The Shrunken Head

“Don’t threaten her,” Thomas said, eyes flashing.

“Cute. All of you. Very cute.” He spit again, and a glob of milk-white saliva just missed the toe of Sam’s shoe. “This is the last time I’ll ask you nicely,” the bearded man said, once again turning his attention to Sam. His eyes shone like two dark stones. “Actually, you know what? Forget being nice. Jerry?”

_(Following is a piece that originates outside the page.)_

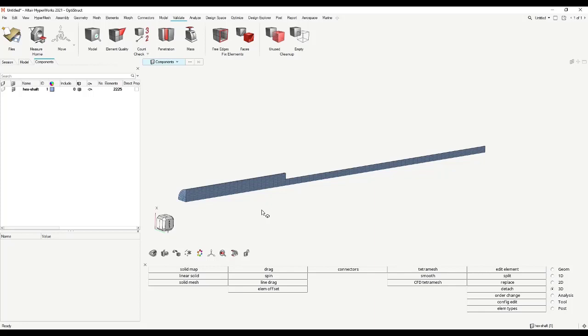The next step is, we have a mesh. How does this mesh react on a load? Reaction means what properties do we have, and property means which material we are using here. As you remember from last week, it's material steel.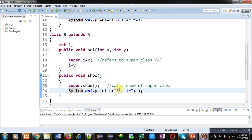Now third class which is Test. Inside Test class, main method is defined.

Max’s vision seemed to slow down and get clearer, as it always did when things began to happen very fast. She saw Jerry charge forward as the bearded man stepped out of the way. She saw Jerry’s fist headed straight for Sam’s nose; she saw the fat wet slugs of Jerry’s lips pulled back in a grin over his broken teeth; she noticed his filthy cuffs and ragged fingernails.

Before Jerry’s fist could connect with his face, Sam lifted an arm almost casually and smacked Jerry’s hand away as if it were a fly buzzing around his face. Jerry spun nearly a half circle, roaring with pain.

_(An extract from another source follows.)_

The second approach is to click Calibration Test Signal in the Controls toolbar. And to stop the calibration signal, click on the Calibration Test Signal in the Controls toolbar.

“I warned you,” Sam said apologetically.

“Come on, Jerry!” All the men were shouting now, waving their hands and stomping their feet. “Don’t let the boy smack you around!”

Jerry came at Sam again, this time with both hands, his teeth bared like an animal’s. Sam let out a long sigh.

He brought his fist through the air slowly, indifferently, as if he intended Jerry to inspect it for him.

Crack.

His fist connected with a noise like a thunderbolt. Even Max jumped. The bearded man abruptly stopped shouting. Only the bleary-eyed man was still laughing, and his friend elbowed him sharply so he gasped and fell silent.

Jerry took one step back. His eyes rolled up to the ceiling. And then, just like that, he slumped backward, crashing through one of the wooden tables, leaving it in splinters.

Sam was blushing so hard, Max was sure he’d pop all the blood vessels in his face. “I-I’m sorry,” he stuttered. “I tried to tell him.”

The bearded man had a wild look in his eyes that reminded Max of old Elijah Timmons, the man who was always pacing the street in front of Mr. Dumfrey’s museum holding a big sign predicting the end of the world. His hands were trembling, too, just like Elijah’s did.

“What did you do?” He grabbed Sam by the shirt collar. “How? How?”

“I—I didn’t mean to.” Sam kept his hands behind his back, as though he was worried they would reach out and hurt someone of their own accord.

The bearded man released him and stood for a second, panting. Suddenly, his face took on a murderous look. Quick as anything, he reached for something in his pants pocket.

“Look out!” Pippa screamed. “He’s got a—”

They never found out what he was reaching for. Max was already moving, faster than the speed of thought. In a flash, the knife was in her hand, and her hand was an extension of her knife. Air, space, angles, speed. She felt it, she knew, in her fingers and in the handle of her knife. For one second she was metal; she belonged to the knife and could sense the cold sharpness of its blade, aching to be released.

Then the bearded man was carried backward, halfway across the room. With a satisfying thud, the knife pinned his shirtsleeve to the precise center of the dartboard.

“Bull’s-eye,” Max said, and smiled.





They’d failed to find Reggie Anderson, or any information that might be useful in locating him. All they knew was that he played pool, darts, rummy, and poker, and was terrible at all of them. His debts gave him motive, Thomas knew, for the theft of the shrunken head. But he had a hard time picturing the boy in the mismatched clothing, who’d nearly fainted in front of the police, stringing up his own uncle and then poisoning Potts after dinner.

The sun was hovering low and lazy over the Manhattan skyline, fat as an orange. Thomas voted they return to the museum. At least there, they could confront Hugo—although Thomas had no idea what, exactly, they would say.

Back at the museum, however, they were again disappointed: both Hugo and Phoebe had vanished.

“Very strange,” Danny said, as he plunked a large pot of watery stew on the table. In Mrs. Cobble’s absence, he had taken over the duties of chef, after Goldini had spoiled a whole omelet while trying to make it levitate from the pan. “With not a word to nobody.”

“Not a word to anybody,” Pippa corrected, and then shrank backward when Danny glared at her, raising a bushy black eyebrow.

“I bet they jumped ship, just like Mrs. Cobble,” said Andrew darkly as he sloshed a bit of stew in his bowl. Thomas sniffed experimentally and swallowed a sigh. It smelled a little like the inside of a shoe. “You wait and see. He’ll be quoted in the papers tomorrow.”

“Nonsense. All of his things are still here,” Betty pointed out as she tucked her long beard neatly into the front of her dress so that it would not drag on the table.